Author Archives: nick

Release Alignment in Sampled Pipe Organs – Part 1

At the most basic level, a sample from a digital pipe organ contains:

  • an attack transient leading into
  • a looped sustain block and
  • a release which will be cross-faded into when the note is released.

The release cross-fade must be fast (otherwise it will not sound natural or transient details may be lost) and it must also be phase-aligned to the point where the cross-fade begins.

The necessity for phase alignment

Without phase aligning the release, disturbing artefacts will likely be introduced. The effects are different with short and long cross-fades but are always unpleasant.

The following image shows an ideal cross-fade into a release sample. The crossfade begins at 0.1 seconds and lasts for 0.05 seconds. The release is aligned properly and the signal looks continuous.
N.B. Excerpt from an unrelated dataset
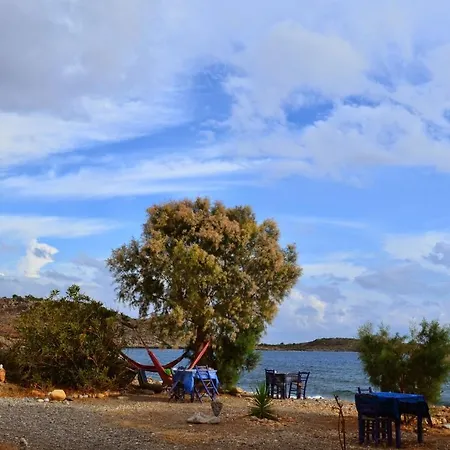 Georgoshouse Lykos Sfakia * Livaniana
A good crossfade into a release.

A good crossfade into a release.

The following image shows a bad release where the cross-fade is lagging an ideal release offset by half-a-period. Some cancellation occurs during the cross-fade and the result will either sound something like a “pluck” for long cross-fades or a “click” for short cross-fades.

A worst-case crossfade into a release.

A worst-case crossfade into a release.

(The cross-fade used in generating the above data sets was a raised cosine – linear cross-fades can be used but will result in worse distortions).
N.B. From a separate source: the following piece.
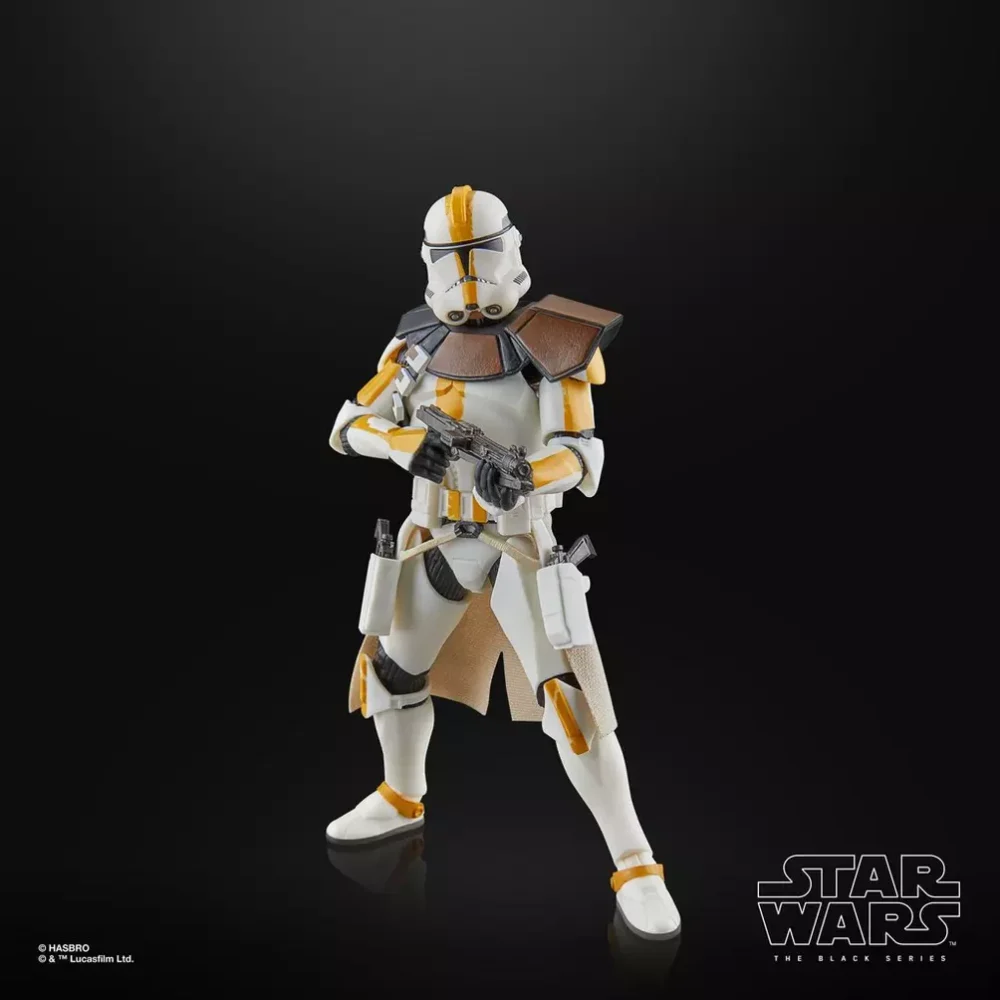 La línea Star Wars The Black Series incluye figuras, vehículos y artículos para juego de rol inspirados en los más de 40 años de legado que nos ha dado la galaxia de Star Wars. Para que los fans puedan recrear escenas galácticas de los cómics, las películas y las series con fidelidad. Con características y detalles excelentes, la línea The Black Series personifica la calidad y el realismo que los devotos de Star Wars adoran. ¡Que la Fuerza te acompañe!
The problem of aligning release cross-fades in virtual pipe organs is an interesting one. As an example: at the time of writing this article, release alignment in the GrandOrgue project is not particularly good; it uses a lookup-table taking the value and first-order estimated derivative (both quantised heavily) of the last sample of the last played block as keys. This is not optimal as a single sample says nothing about phase and the first-order derivative estimate could be completely incorrect in the presence of noise.

Another approach for handling release alignment

If the pitch a pipe was to be completely stable, known (f=\frac{1}{T}) and we knew one point where the release was perfectly aligned (t_r), we know that we could cross-fade into the start of the release at:

    \[ \forall n \in \mathbb Z, t = t_r + T n \]

Hence, for any sample offset we could compute an offset into the release to cross-fade into.

In reality, pipe pitch wobbles around a bit and so the above would not strictly hold all the time – that being said, it is true for much of the time. If we could take a pipe sample and find all of the points where the release is aligned we could always find the best way to align the release.

It turns out that a simple way to do this is to find the cross-correlation of the attack and sustain segment with a short portion of the release. Taking the whole release would be problematic because as it decays it becomes less similar to the sustaining segment (which leads to an unhelpful correlation signal).

The first 25000 samples of the signal used for the cross-correlation.

The first 25000 samples of the signal used for the cross-correlation.

The above image shows the attack and some sustain of bottom-C of the St. Augustine’s Closed Horn. This shows visually why single sample amplitude and derivative matching is a poor way to align releases. During one period of the closed horn, there are 14 zero crossings and 16 obvious zero crossings in the derivative. One sample gives hardly enough information.

A 1024 sample cut from the start of the release.

A 1024 sample cut from the start of the release.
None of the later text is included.